In theory, you can provide Home Assistant secrets on a separate file and just encrypt it, provision manually, etc. I have tried that, but every time I built the system from zero, I realized something was stored outside the standard config files (e.g., logins), or even scattered in binary datafiles (dynamic device information, some configs made on the UI, etc.).
After lots of frustration, I went with a different plan: I set up an encrypted daily backup of the Home Assistant configuration to a network drive (just a thumb drive on my router), and made the playbook restore the latest backup when a config-less install is detected.
The main downside is that my automations aren’t easily shared. But I can always write a post if I ever come with something useful (so far, they are all pretty boring 😅).
Why don’t you reuse roles from Ansible Galaxy?
What a horrible programmer I must be, because, you know, reuse is good™️… right? 😁
I tried to use Ansible Galaxy. Really. But the roles I found were often not generic enough (like almost doing what I wanted) and don’t always support Raspbian. Galaxy also lacks a robust package management system (which may not even be feasible, given the free-form, “script-y” nature of Ansible that I like so much), so I went solo.

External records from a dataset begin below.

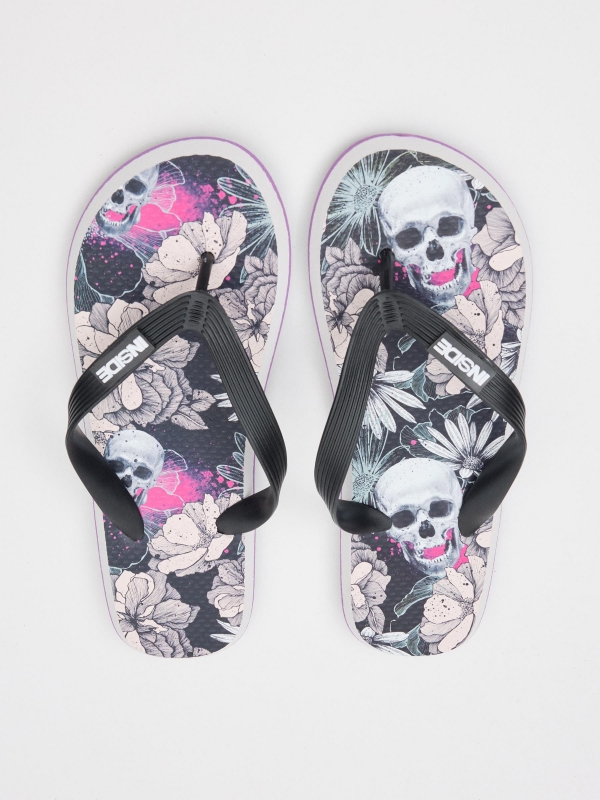 Flip flops with flowers and skulls black
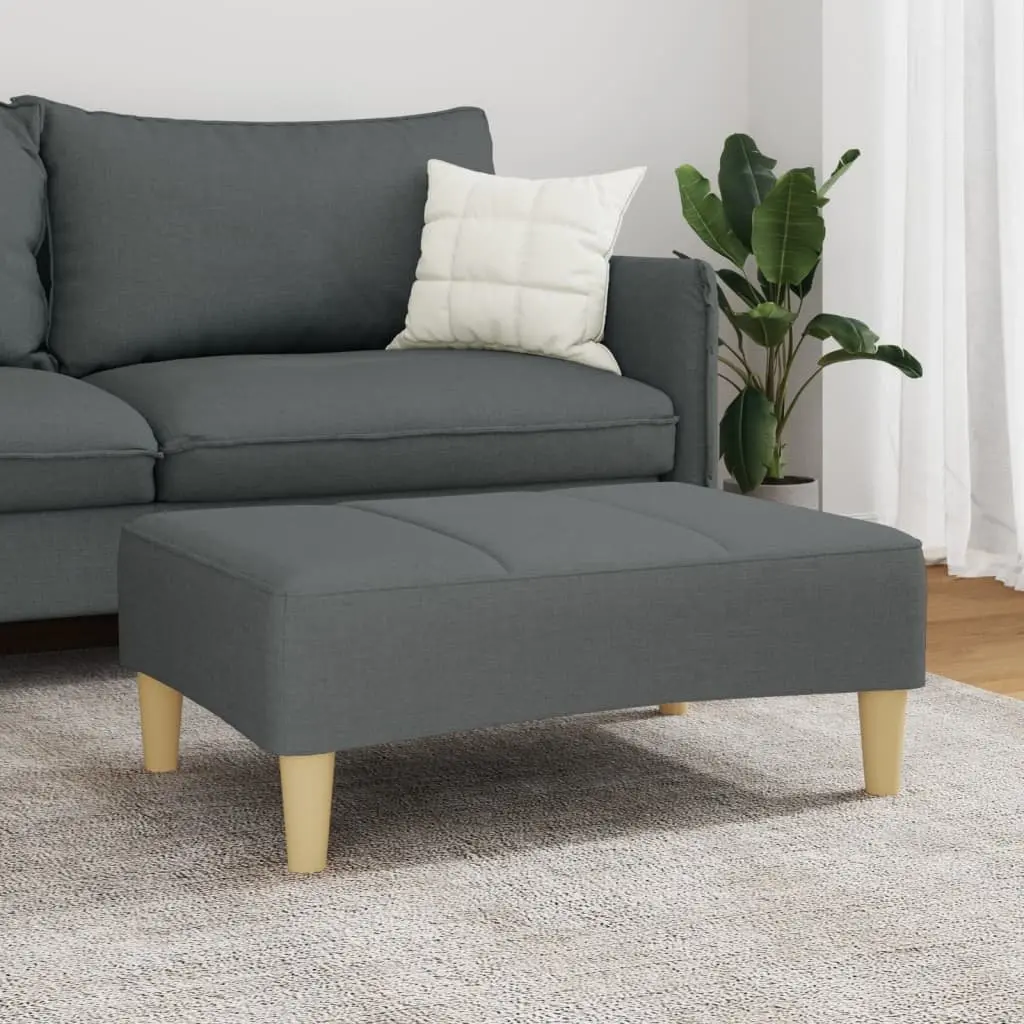 Footstool Living Room Dark Grey 77x55x31 cm Fabric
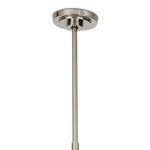 Polished nickel canopy and adjustable rod suspension for chandelier installation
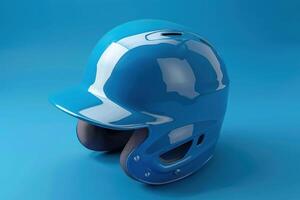 Bright blue baseball helmet resting against a vibrant blue backdrop, inviting thoughts of action and competition photo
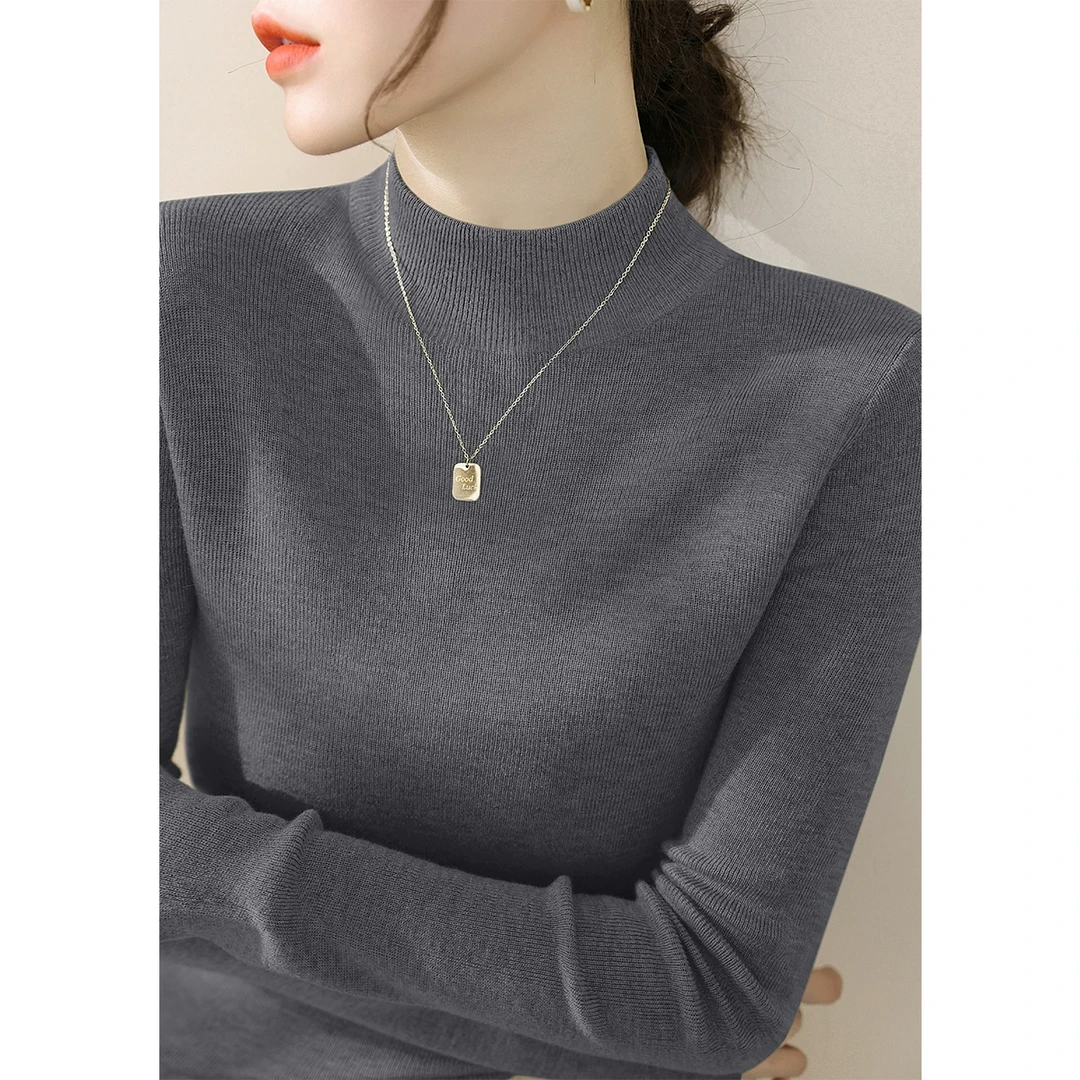 深灰色半高领毛衣长袖针织衫女秋冬新款修身气质内搭打底上衣女装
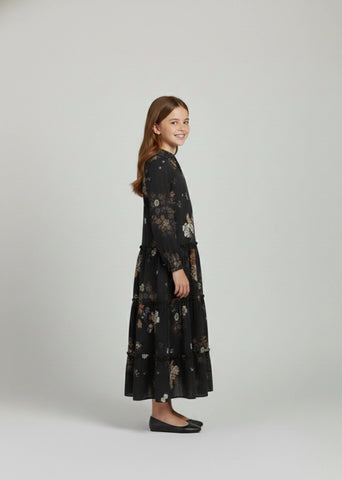 Layali Black Mini Tiered Dress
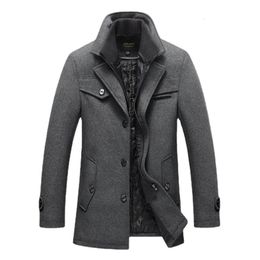 Men's Wool Blends High Quality Winter Coats Male Business Casual Trench Men Cashmere Jackets Overcoats 5 y231027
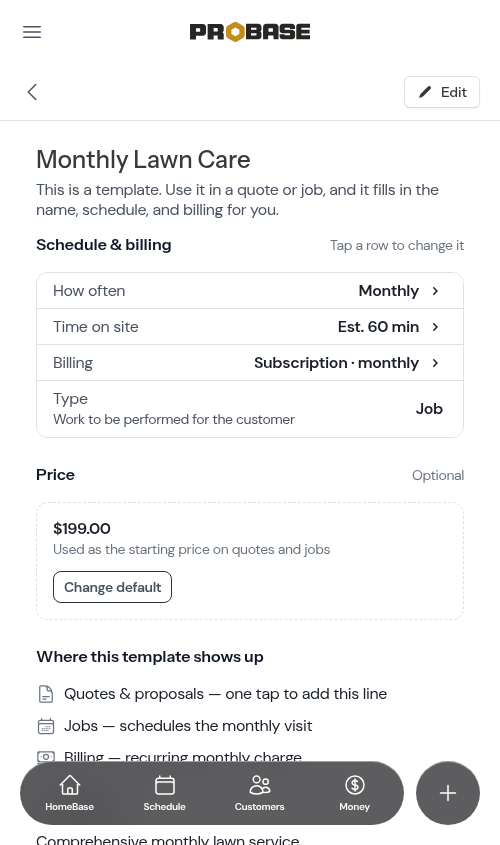 A subscription service in the catalog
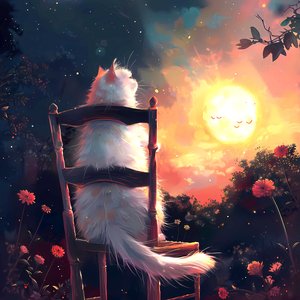 Eine weiße Katze sitzt auf einem alten Holzstuhl und schaut zum Mond von F. Abderrahim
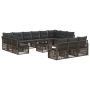 Sodo Sofų Rinkinys 14 pcs Pilka poliratanas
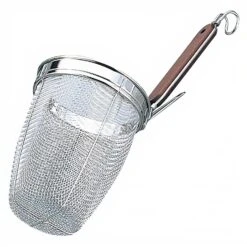 Takekoshi Stainless Steel Deep Tebo Noodle Strainer Round Base With Wooden Handle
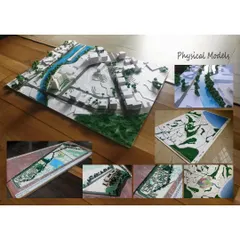 We use physical models to test and refine our urban design concepts in three dimensions. This collage shows various site models, which are crucial tools for understanding scale, topography, and the relationship between buildings and open spaces.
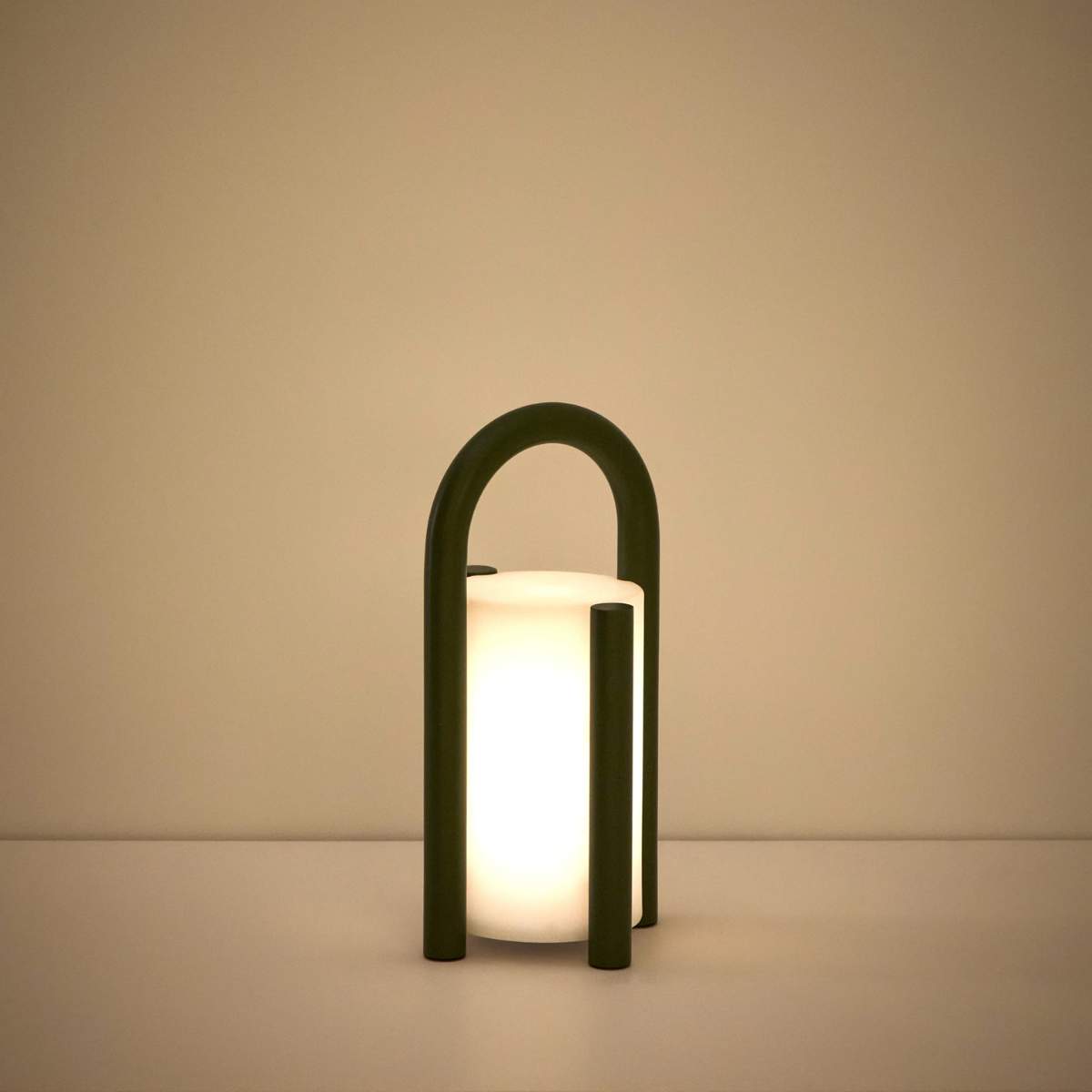 Kave Home Leros small portable table lamp in green polyethylene and steel
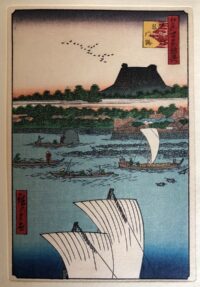UTAGAWA HIROSHIGE,Teppōzu ed il tempio Tsukiji Monzeki,1858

Of course I took inspiration in a lot of third party roles and playbooks (on Galaxy and around the web), and highly recommend doing so.
Why don’t you just use Hass.io?
Good question! Hass.io is a prebuilt SD card image that manages a minimal OS with Home Assistant baked in, automatically updated with Docker.
I personally found it a bit too slow (at least on earlier-gen Raspberry Pi models), and I feel more comfortable with a Debian-based system that I can poke with a stick. But hey, all the cool kids are using Docker 😜. Seriously though, if it works for you, awesome - you’ll save yourself a lot of trouble.
The automatic Home Assistant updates are appealing, but with my solution, I can just axe the application directory (or the whole SD card, for the matter) and run the playbook, and the latest version will be there, with my configs unchanged.
Wait, so you do things on the Pi without Ansible? Won’t your changes be overwritten when you run it?
Oh yes I do! With gusto. The main point of having a custom-made solution (other than cost and security) is tinkering. Ansible makes me confident that I can rebuild the whole thing quickly if I screw up, but yes, that requires me to keep the Ansible file up-to-date.
That’s actually easier than it sounds: once I’m happy with my changes, I type
history and figure which steps (installed packages, changed config files) are really needed, and add those to the playbook. Run it a few times, undo some changes, check that it does nothing when changes are already there… and that’s it.
If the change was super complex and/or I’m afraid I forgot something, I can always run the playbooks against a fresh card, pop it in and kick the tires - it’s a great opportunity to get a fresh, snappy OS install for my tiny computer!